Given material:
━━━

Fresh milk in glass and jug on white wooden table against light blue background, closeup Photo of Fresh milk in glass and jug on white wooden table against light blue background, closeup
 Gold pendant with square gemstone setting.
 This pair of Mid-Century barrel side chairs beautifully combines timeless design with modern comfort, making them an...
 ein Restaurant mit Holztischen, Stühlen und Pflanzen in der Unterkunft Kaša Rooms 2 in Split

━━━

What is being asked: Could you give again exactly the lines from the line containing "This pair of" through the final line of the data above, and no others?

Completed task:
 This pair of Mid-Century barrel side chairs beautifully combines timeless design with modern comfort, making them an...
 ein Restaurant mit Holztischen, Stühlen und Pflanzen in der Unterkunft Kaša Rooms 2 in Split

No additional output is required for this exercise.